In his address, the leader of the National Federation Party said that the country really needed leaders who would sacrifice their personal interests and work together for the sake of the nation. Infighting, communal rivalry, cheap politicking, and blind greed had shattered the image that the world had once had of Fiji, widely described as "the way the world should be." "Instead of sharing and co-existing, the people have retreated into their racial compartments instead of uniting both as communities and as a nation," he said. "Instead of uniting as a nation, our leaders have created a racial gulf that is tearing our island nation apart." While acknowledging that leaders occasionally called for harmony, he insisted that it would not be achievable without working to establish common ground.

== Controversies ==

Fiji Labour Party parliamentarian Lekh Ram Vayeshnoi said that people had been seen attending other functions in the capital, and blamed Prime Minister Qarase's absence for what he said was a poor turnout to the launch of the celebrations. The timing of the Prime Minister's official visit to India, coinciding with the celebrations of the 35th anniversary of the country's independence, was unpatriotic, he said. "The Prime Minister’s visit to India on the 35th anniversary of Fiji’s independence reflects his lack of patriotism. There was no compelling need for Mr Qarase and his excessively large batch of hangers on to depart now, under the pretext of opening the consulate, when it has been in operation for almost a year," Vayeshnoi declared. The visit to India was nothing more than a publicity stunt, he alleged, saying that it would not work as the Indian government was well-informed about Qarase's "racist" policies.

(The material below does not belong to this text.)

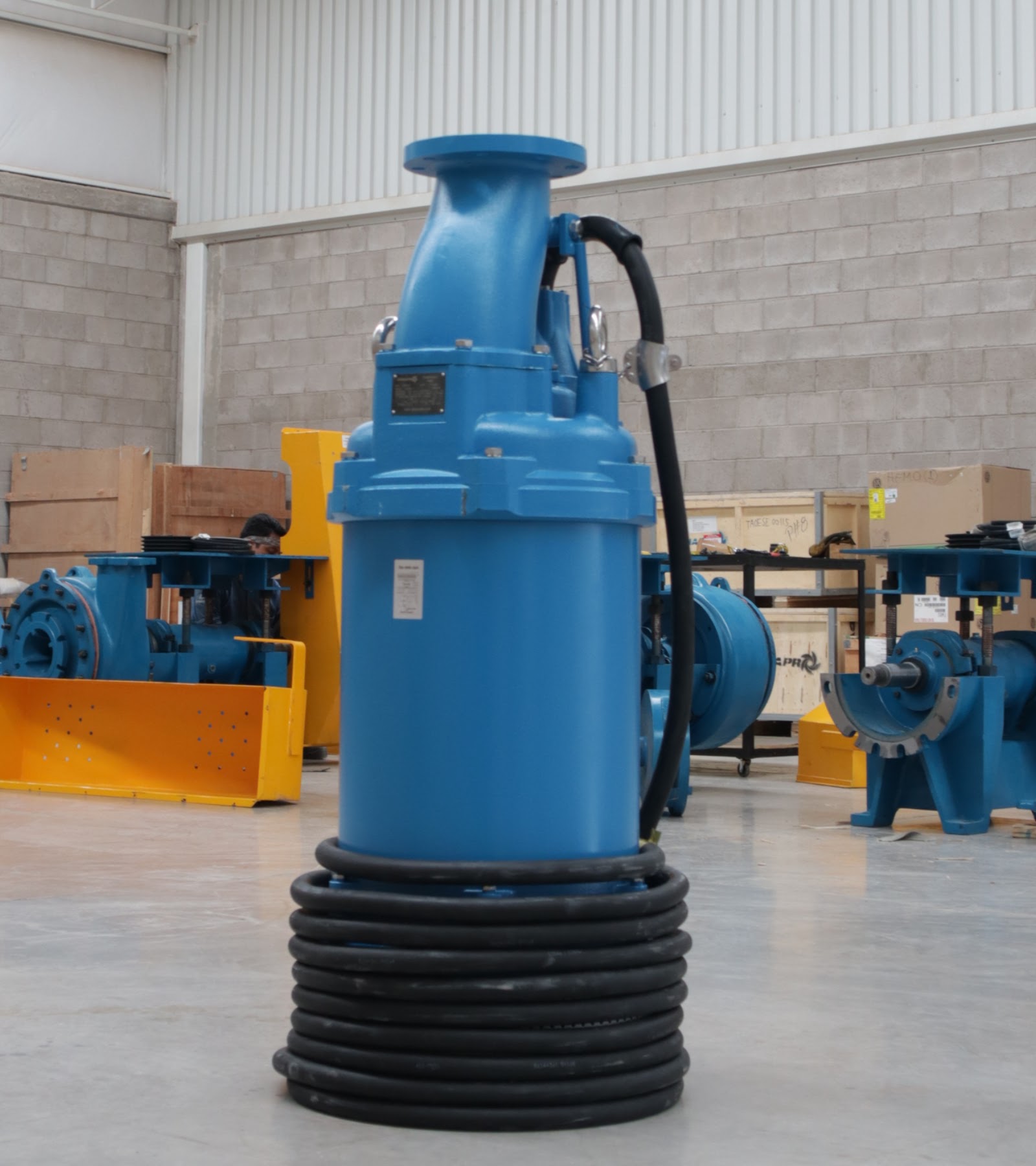 Large Dynapro industrial submersible pump in a pump workshop.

This was not the first time Fiji's national celebrations have attracted controversy. Fiji Week, 2004, the previous year, was marred by a boycott from several leading politicians and other public figures, who accused the government of using the ceremonies to promote a political agenda.

== Features ==

The Civil Service of Fiji features prominently in the celebrations. All government departments and ministries are being made open to create public awareness of their services. Events include a "Walk for Health" program, featuring aerobics and a walk through Albert Park, organized by the Ministry of Health. Other events include Disaster Awareness Week, Family Day and Citywide Youth Network, featuring numerous children's games and activities, along with multicultural programs and handicraft shows. The Ministry for Women and Social Welfare is organizing programs for orphanages and retirement homes.